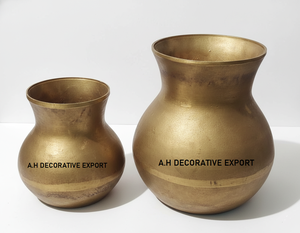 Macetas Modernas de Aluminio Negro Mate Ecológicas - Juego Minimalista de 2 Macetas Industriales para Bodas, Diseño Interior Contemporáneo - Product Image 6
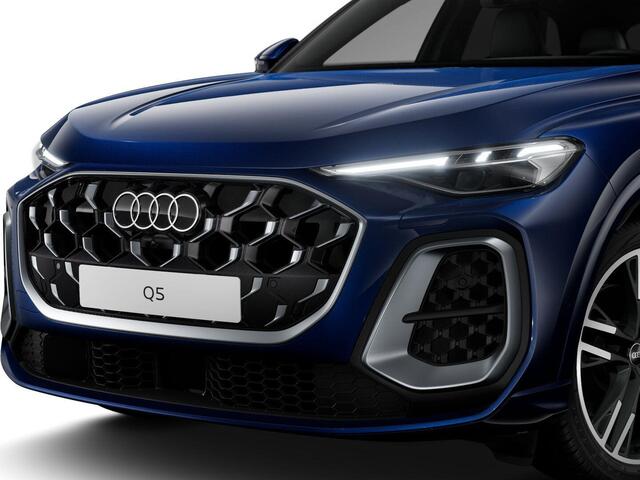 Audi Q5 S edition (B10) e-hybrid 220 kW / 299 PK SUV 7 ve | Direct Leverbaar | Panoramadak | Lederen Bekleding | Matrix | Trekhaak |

---

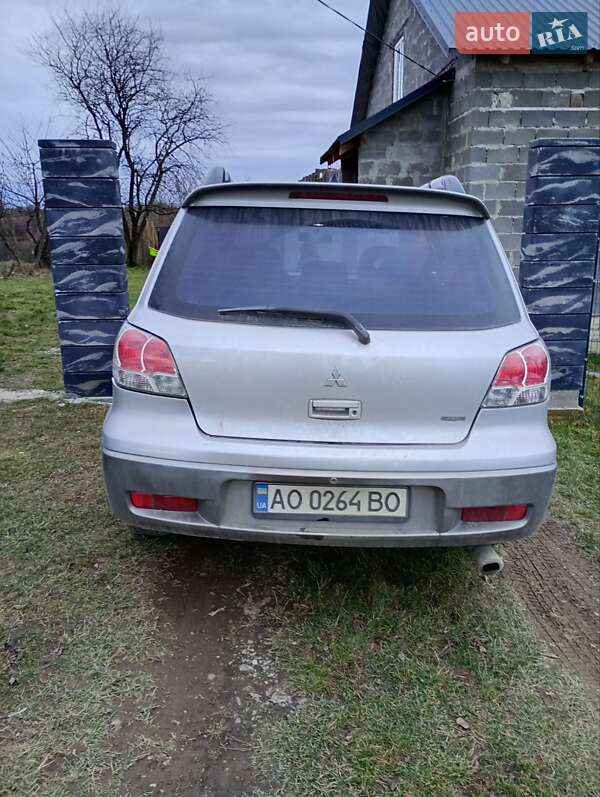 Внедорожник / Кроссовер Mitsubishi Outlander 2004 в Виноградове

--

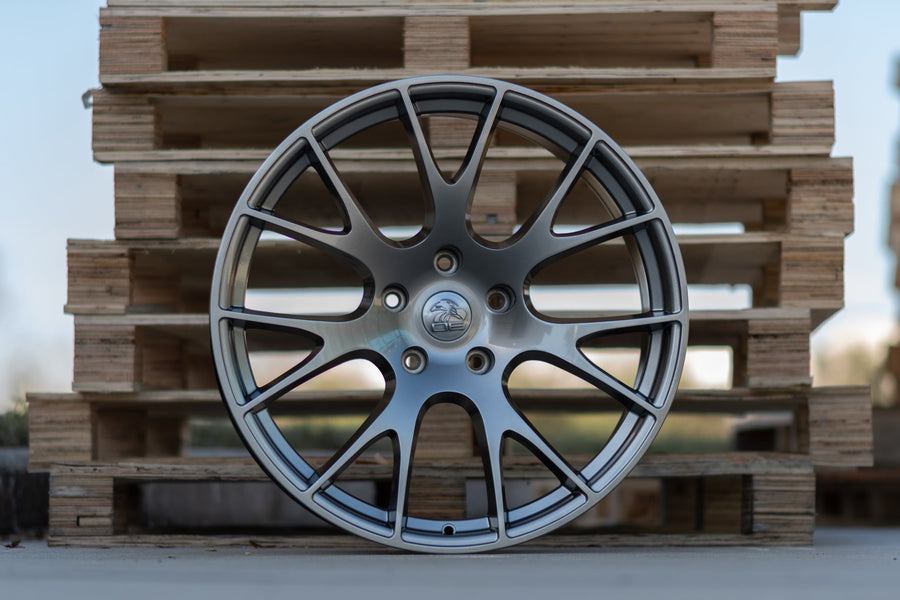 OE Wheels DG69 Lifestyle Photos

> ABOUT THIS EXERCISE: The result should be an exact copy of only the lines above from the one that holds "Macetas Modernas de" through the one that holds "Audi Q5 S edition", both ends included, without pictures.

> REPLY TO THE TASK:
 Macetas Modernas de Aluminio Negro Mate Ecológicas - Juego Minimalista de 2 Macetas Industriales para Bodas, Diseño Interior Contemporáneo - Product Image 6
 Audi Q5 S edition (B10) e-hybrid 220 kW / 299 PK SUV 7 ve | Direct Leverbaar | Panoramadak | Lederen Bekleding | Matrix | Trekhaak |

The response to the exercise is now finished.